YOUR GOAL: The response should consist of the records, reproduced exactly.

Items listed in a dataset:
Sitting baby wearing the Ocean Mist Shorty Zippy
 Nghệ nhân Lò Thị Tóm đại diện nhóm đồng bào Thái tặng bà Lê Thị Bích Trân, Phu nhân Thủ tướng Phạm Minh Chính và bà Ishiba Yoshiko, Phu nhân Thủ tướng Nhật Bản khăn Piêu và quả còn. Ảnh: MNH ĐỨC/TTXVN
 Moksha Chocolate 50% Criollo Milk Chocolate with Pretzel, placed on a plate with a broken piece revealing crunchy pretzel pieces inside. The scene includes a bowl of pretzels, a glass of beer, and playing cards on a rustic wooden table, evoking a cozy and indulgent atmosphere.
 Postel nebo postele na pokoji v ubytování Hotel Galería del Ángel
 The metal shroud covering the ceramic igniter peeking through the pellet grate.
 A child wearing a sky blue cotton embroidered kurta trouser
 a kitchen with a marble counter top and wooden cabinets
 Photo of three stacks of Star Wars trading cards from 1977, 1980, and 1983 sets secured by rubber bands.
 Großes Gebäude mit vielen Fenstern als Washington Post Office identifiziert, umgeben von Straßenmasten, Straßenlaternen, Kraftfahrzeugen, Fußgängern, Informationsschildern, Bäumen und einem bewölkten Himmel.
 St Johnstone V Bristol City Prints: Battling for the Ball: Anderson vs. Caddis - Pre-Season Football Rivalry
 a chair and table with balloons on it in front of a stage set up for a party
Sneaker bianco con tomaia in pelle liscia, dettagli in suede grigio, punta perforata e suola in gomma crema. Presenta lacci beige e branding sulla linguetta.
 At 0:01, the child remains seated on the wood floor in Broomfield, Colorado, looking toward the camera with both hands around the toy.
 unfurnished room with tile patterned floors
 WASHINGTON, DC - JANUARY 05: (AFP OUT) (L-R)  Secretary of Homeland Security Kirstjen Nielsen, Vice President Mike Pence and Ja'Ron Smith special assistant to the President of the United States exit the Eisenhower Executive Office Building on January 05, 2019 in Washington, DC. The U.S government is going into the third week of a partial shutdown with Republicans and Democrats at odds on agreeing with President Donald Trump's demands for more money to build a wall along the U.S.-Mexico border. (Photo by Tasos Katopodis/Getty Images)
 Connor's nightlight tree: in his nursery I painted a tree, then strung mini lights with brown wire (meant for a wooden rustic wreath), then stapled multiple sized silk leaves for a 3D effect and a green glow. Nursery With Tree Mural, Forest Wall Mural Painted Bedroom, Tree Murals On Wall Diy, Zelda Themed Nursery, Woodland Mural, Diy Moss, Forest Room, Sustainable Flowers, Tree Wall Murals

OUTPUT OF THE TASK:
Sitting baby wearing the Ocean Mist Shorty Zippy
 Nghệ nhân Lò Thị Tóm đại diện nhóm đồng bào Thái tặng bà Lê Thị Bích Trân, Phu nhân Thủ tướng Phạm Minh Chính và bà Ishiba Yoshiko, Phu nhân Thủ tướng Nhật Bản khăn Piêu và quả còn. Ảnh: MNH ĐỨC/TTXVN
 Moksha Chocolate 50% Criollo Milk Chocolate with Pretzel, placed on a plate with a broken piece revealing crunchy pretzel pieces inside. The scene includes a bowl of pretzels, a glass of beer, and playing cards on a rustic wooden table, evoking a cozy and indulgent atmosphere.
 Postel nebo postele na pokoji v ubytování Hotel Galería del Ángel
 The metal shroud covering the ceramic igniter peeking through the pellet grate.
 A child wearing a sky blue cotton embroidered kurta trouser
 a kitchen with a marble counter top and wooden cabinets
 Photo of three stacks of Star Wars trading cards from 1977, 1980, and 1983 sets secured by rubber bands.
 Großes Gebäude mit vielen Fenstern als Washington Post Office identifiziert, umgeben von Straßenmasten, Straßenlaternen, Kraftfahrzeugen, Fußgängern, Informationsschildern, Bäumen und einem bewölkten Himmel.
 St Johnstone V Bristol City Prints: Battling for the Ball: Anderson vs. Caddis - Pre-Season Football Rivalry
 a chair and table with balloons on it in front of a stage set up for a party
Sneaker bianco con tomaia in pelle liscia, dettagli in suede grigio, punta perforata e suola in gomma crema. Presenta lacci beige e branding sulla linguetta.
 At 0:01, the child remains seated on the wood floor in Broomfield, Colorado, looking toward the camera with both hands around the toy.
 unfurnished room with tile patterned floors
 WASHINGTON, DC - JANUARY 05: (AFP OUT) (L-R)  Secretary of Homeland Security Kirstjen Nielsen, Vice President Mike Pence and Ja'Ron Smith special assistant to the President of the United States exit the Eisenhower Executive Office Building on January 05, 2019 in Washington, DC. The U.S government is going into the third week of a partial shutdown with Republicans and Democrats at odds on agreeing with President Donald Trump's demands for more money to build a wall along the U.S.-Mexico border. (Photo by Tasos Katopodis/Getty Images)
 Connor's nightlight tree: in his nursery I painted a tree, then strung mini lights with brown wire (meant for a wooden rustic wreath), then stapled multiple sized silk leaves for a 3D effect and a green glow. Nursery With Tree Mural, Forest Wall Mural Painted Bedroom, Tree Murals On Wall Diy, Zelda Themed Nursery, Woodland Mural, Diy Moss, Forest Room, Sustainable Flowers, Tree Wall Murals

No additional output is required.